3 Tips to Get Back on Track When Your Self-Growth Threatens your Friendships
Who doesn’t love the feeling you get when you have a really close sister friend? You two can chat for two or three hours nonstop at least once a week and your bond is so friggin’ tight she can finish your sentence practically before you even think it.
Hands down, these friendships are some of the best. They help us maintain our equilibrium during the best and toughest of times. They become a refuge in the storm, a beacon of light when we’ve lost our way and a place to throw back our head and laugh long and loud when we feel like no one else out there gets us. We never want it to end, and for good reason.
However, sometimes our friendships can get a little off balance. Instead of feeling in sync, we feel distant and out or rhythm. Triggers that can undermine our connection can come from anywhere.

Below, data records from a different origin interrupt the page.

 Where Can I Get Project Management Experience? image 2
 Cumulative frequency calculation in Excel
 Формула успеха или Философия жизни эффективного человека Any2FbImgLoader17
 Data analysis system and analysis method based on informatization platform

I was once in this exact situation. I’d known this particular sister friend for 20 years. We went to the same college and we were cool as ice water! As adults we hung out and managed life’s ups and downs and celebrated birthdays together. I was in the inner sanctum. Her job required her to travel and every time the wind blew her trippy alarm went off at her house. I’d get a call from the alarm company and I’d have to drive to her house to make sure everything was where it was supposed to be, then I’d punch in my special code to alert the alarm company that nothing was amiss.
We both loved to read personal and spiritual development books and we’d spend long phone conversations analyzing the principles or some weekends spend sleep overs at her house binge watching our favorite PBS television shows.
Everything was groovy until I get involved with another circle of women friends.
I’d joined an entrepreneur leadership program that required me to travel and spend weekends in a mastermind setting with women like myself who were committed to stretching ourselves and wanted to create new levels of business success. Right away I noticed a shift in how my sister girl treated our friendship. I’d return from those trips wanting to share all of the new ideas I had but she was far from interested, in fact she was dismissive.
Maybe you’ve experienced something similar.
Perhaps, like me, you joined a personal or professional development program and now your brain is filled with all kinds of out-of-the-box thoughts and ideas and your sister girl doesn’t agree with your new path. Or, perhaps you’ve finally lost the baby weight you both have been trying to lose for the past 5 years, but she fell off the weight loss wagon and never got back on. Now, instead of long phone chats you’re trading a short text once or twice a week. In fact, some weeks all you hear is crickets.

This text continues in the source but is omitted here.